*** Opening of ENTRIES SHOWN ***

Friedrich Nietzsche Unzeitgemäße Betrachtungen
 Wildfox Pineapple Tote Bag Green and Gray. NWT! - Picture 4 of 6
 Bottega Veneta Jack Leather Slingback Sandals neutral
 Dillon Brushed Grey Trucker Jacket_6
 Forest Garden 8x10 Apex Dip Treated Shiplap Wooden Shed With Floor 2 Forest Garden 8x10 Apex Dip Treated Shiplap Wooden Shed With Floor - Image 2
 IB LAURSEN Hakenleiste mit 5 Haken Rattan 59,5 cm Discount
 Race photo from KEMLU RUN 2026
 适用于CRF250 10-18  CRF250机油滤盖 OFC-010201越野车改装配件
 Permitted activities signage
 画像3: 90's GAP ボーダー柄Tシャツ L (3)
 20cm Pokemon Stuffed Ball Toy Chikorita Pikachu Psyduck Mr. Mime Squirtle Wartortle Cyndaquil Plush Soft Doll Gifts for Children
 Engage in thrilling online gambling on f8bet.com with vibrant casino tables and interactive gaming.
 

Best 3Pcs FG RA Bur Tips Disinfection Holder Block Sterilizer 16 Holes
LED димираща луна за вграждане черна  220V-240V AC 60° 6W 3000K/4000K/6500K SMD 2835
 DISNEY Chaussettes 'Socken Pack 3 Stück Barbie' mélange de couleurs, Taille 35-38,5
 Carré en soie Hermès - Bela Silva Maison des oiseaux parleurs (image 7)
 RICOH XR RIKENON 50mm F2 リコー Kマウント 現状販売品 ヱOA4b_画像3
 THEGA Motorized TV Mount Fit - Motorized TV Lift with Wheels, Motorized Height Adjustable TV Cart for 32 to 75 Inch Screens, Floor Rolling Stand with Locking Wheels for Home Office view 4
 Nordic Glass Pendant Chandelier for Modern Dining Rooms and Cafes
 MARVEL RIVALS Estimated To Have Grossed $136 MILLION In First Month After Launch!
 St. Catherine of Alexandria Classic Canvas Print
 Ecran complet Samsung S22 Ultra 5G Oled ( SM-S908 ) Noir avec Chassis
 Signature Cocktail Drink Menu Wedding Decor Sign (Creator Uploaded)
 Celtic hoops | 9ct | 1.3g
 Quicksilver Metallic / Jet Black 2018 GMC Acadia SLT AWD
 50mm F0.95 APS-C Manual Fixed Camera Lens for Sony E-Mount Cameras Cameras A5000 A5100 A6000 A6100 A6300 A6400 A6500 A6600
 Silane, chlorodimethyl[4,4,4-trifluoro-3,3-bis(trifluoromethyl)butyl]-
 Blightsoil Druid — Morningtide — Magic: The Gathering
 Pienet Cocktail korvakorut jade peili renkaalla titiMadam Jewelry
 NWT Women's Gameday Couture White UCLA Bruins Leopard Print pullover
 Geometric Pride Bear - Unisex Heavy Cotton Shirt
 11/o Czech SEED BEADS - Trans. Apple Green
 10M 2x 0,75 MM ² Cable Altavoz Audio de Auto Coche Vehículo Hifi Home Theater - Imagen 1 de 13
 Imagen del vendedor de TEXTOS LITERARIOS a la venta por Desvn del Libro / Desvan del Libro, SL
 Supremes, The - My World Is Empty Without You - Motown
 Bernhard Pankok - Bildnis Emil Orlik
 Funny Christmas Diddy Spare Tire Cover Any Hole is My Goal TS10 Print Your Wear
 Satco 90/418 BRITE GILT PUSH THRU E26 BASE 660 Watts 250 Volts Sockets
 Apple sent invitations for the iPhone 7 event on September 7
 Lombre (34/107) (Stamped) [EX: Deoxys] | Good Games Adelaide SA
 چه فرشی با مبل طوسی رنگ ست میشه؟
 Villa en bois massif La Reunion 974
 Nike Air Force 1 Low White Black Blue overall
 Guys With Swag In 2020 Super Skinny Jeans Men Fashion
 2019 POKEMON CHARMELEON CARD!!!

*** Close of ENTRIES SHOWN ***

◆ YOUR ASSIGNMENT ◆
Please write out the whole listing exactly as given.

◆ EXPECTED ANSWER ◆
Friedrich Nietzsche Unzeitgemäße Betrachtungen
 Wildfox Pineapple Tote Bag Green and Gray. NWT! - Picture 4 of 6
 Bottega Veneta Jack Leather Slingback Sandals neutral
 Dillon Brushed Grey Trucker Jacket_6
 Forest Garden 8x10 Apex Dip Treated Shiplap Wooden Shed With Floor 2 Forest Garden 8x10 Apex Dip Treated Shiplap Wooden Shed With Floor - Image 2
 IB LAURSEN Hakenleiste mit 5 Haken Rattan 59,5 cm Discount
 Race photo from KEMLU RUN 2026
 适用于CRF250 10-18  CRF250机油滤盖 OFC-010201越野车改装配件
 Permitted activities signage
 画像3: 90's GAP ボーダー柄Tシャツ L (3)
 20cm Pokemon Stuffed Ball Toy Chikorita Pikachu Psyduck Mr. Mime Squirtle Wartortle Cyndaquil Plush Soft Doll Gifts for Children
 Engage in thrilling online gambling on f8bet.com with vibrant casino tables and interactive gaming.
 

Best 3Pcs FG RA Bur Tips Disinfection Holder Block Sterilizer 16 Holes
LED димираща луна за вграждане черна  220V-240V AC 60° 6W 3000K/4000K/6500K SMD 2835
 DISNEY Chaussettes 'Socken Pack 3 Stück Barbie' mélange de couleurs, Taille 35-38,5
 Carré en soie Hermès - Bela Silva Maison des oiseaux parleurs (image 7)
 RICOH XR RIKENON 50mm F2 リコー Kマウント 現状販売品 ヱOA4b_画像3
 THEGA Motorized TV Mount Fit - Motorized TV Lift with Wheels, Motorized Height Adjustable TV Cart for 32 to 75 Inch Screens, Floor Rolling Stand with Locking Wheels for Home Office view 4
 Nordic Glass Pendant Chandelier for Modern Dining Rooms and Cafes
 MARVEL RIVALS Estimated To Have Grossed $136 MILLION In First Month After Launch!
 St. Catherine of Alexandria Classic Canvas Print
 Ecran complet Samsung S22 Ultra 5G Oled ( SM-S908 ) Noir avec Chassis
 Signature Cocktail Drink Menu Wedding Decor Sign (Creator Uploaded)
 Celtic hoops | 9ct | 1.3g
 Quicksilver Metallic / Jet Black 2018 GMC Acadia SLT AWD
 50mm F0.95 APS-C Manual Fixed Camera Lens for Sony E-Mount Cameras Cameras A5000 A5100 A6000 A6100 A6300 A6400 A6500 A6600
 Silane, chlorodimethyl[4,4,4-trifluoro-3,3-bis(trifluoromethyl)butyl]-
 Blightsoil Druid — Morningtide — Magic: The Gathering
 Pienet Cocktail korvakorut jade peili renkaalla titiMadam Jewelry
 NWT Women's Gameday Couture White UCLA Bruins Leopard Print pullover
 Geometric Pride Bear - Unisex Heavy Cotton Shirt
 11/o Czech SEED BEADS - Trans. Apple Green
 10M 2x 0,75 MM ² Cable Altavoz Audio de Auto Coche Vehículo Hifi Home Theater - Imagen 1 de 13
 Imagen del vendedor de TEXTOS LITERARIOS a la venta por Desvn del Libro / Desvan del Libro, SL
 Supremes, The - My World Is Empty Without You - Motown
 Bernhard Pankok - Bildnis Emil Orlik
 Funny Christmas Diddy Spare Tire Cover Any Hole is My Goal TS10 Print Your Wear
 Satco 90/418 BRITE GILT PUSH THRU E26 BASE 660 Watts 250 Volts Sockets
 Apple sent invitations for the iPhone 7 event on September 7
 Lombre (34/107) (Stamped) [EX: Deoxys] | Good Games Adelaide SA
 چه فرشی با مبل طوسی رنگ ست میشه؟
 Villa en bois massif La Reunion 974
 Nike Air Force 1 Low White Black Blue overall
 Guys With Swag In 2020 Super Skinny Jeans Men Fashion
 2019 POKEMON CHARMELEON CARD!!!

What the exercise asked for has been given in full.